Charles Montpetit, Temps perdu (Fa)
Charles Montpetit
Temps perdu
Montréal, Paulines, 1983.
Réfugiée dans un placard après une empoignade avec un garçon de l’école, Marianne fait la connaissance d’une entité immatérielle. Ce pourrait être une association intéressante, dans le cerveau de la jeune fille elle éphémère mais capable de se mouvoir dans l’espace, et l’entité éternelle se déplaçant dans le temps. Elle emmène l’esprit de Marianne en voyage vers un futur incroyablement lointain, jusqu’au seuil de l’ultime découverte, un méta-univers. Mais Marianne, effrayée, sur le point d’être anéantie, réclame de retourner à son époque. Une mauvaise surprise les y attend, en l’absence de son esprit, son corps est. Si Temps perdu a quelques défauts mineurs, ce sont généralement les défauts de ses qualités : une recherche excessive de l’effet, de l’impact, comme en BD, mène ici à des exagérations ou des contorsions stylistiques. Mais on sent que la tendance est sous contrôle et il n’en reste que quelques échappées. L’auteur semble aussi, parfois, oublier qu’il s’adresse à des jeunes : ils trouveront peut-être quelques passages ardus. Mais cela reste peu fréquent et, le plus souvent, le ton du récit est très juvénile complice avec les jeunes, dirons-nous plutôt.

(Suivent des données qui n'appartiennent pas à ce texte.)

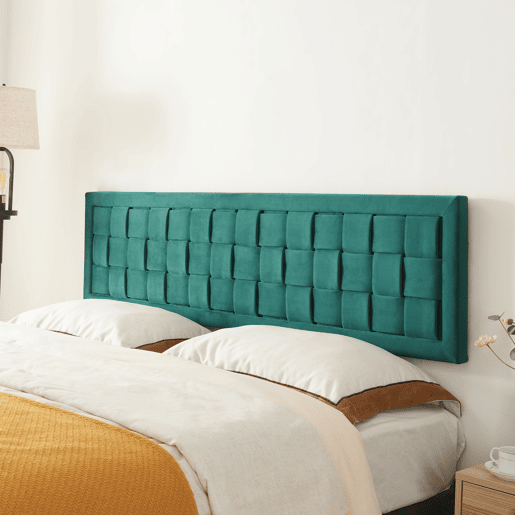 Cabeceira Tervo 140x5x50 cm veludo - Verde en.casa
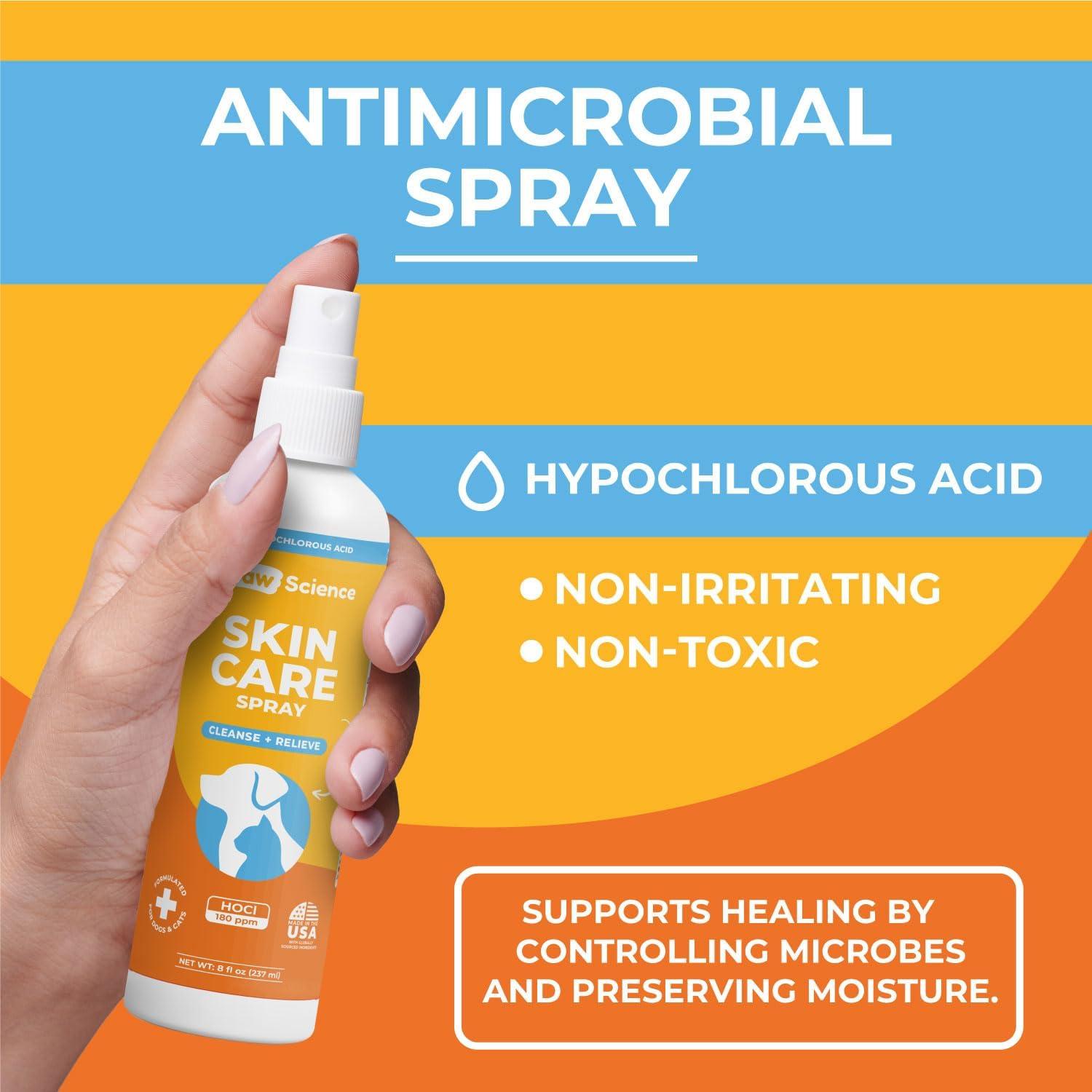 Spray Antiséptico Paw Science para Cuidado de Piel de Mascotas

Ce qui frappe surtout, outre l’originalité fantaisiste de l’histoire, c’est la vitalité du récit et le caractère innovateur des trouvailles narratives, jusque dans les titres de chapitres et la disposition typographique. Je n’en donnerai qu’un exemple, ce jeu de poursuite dans un train (avec règles et plan du wagon), qui remplace la narration traditionnelle durant un épisode échevelé.
Pas un instant l’action ne s’essouffle. Je soupçonne que ce sens du rythme, du découpage efficace des épisodes, et ce parti-pris constant de l’humour, tiennent à la formation « BD » de l’auteur.
En somme c’est plus qu’un début prometteur c’est déjà un roman très réussi, fort agréable à lire, très amusant (je devrais écrire, très « ludique »). Avec l’inventivité qu’il démontre, et lorsqu’il aura parfaitement maîtrisé sa langue et son style un peu tapageurs, Montpetit produira à coup sûr des romans pour jeunes d’une valeur exceptionnelle.
La collection Jeunesse-Pop publie aussi L’Invisible Puissance, de Denis Côté, auteur de l’excellent Hockeyeurs cybernétiques. Cette fois, l’aventure se passe à notre époque, un ancien fan des Beatles, bouleversé par l’équivalent de l’assassinat de John Lennon, enquête sur une secte de fanatiques religieux fascisants, croisement entre le Ku Klux Klan et l’église du révérend Moon.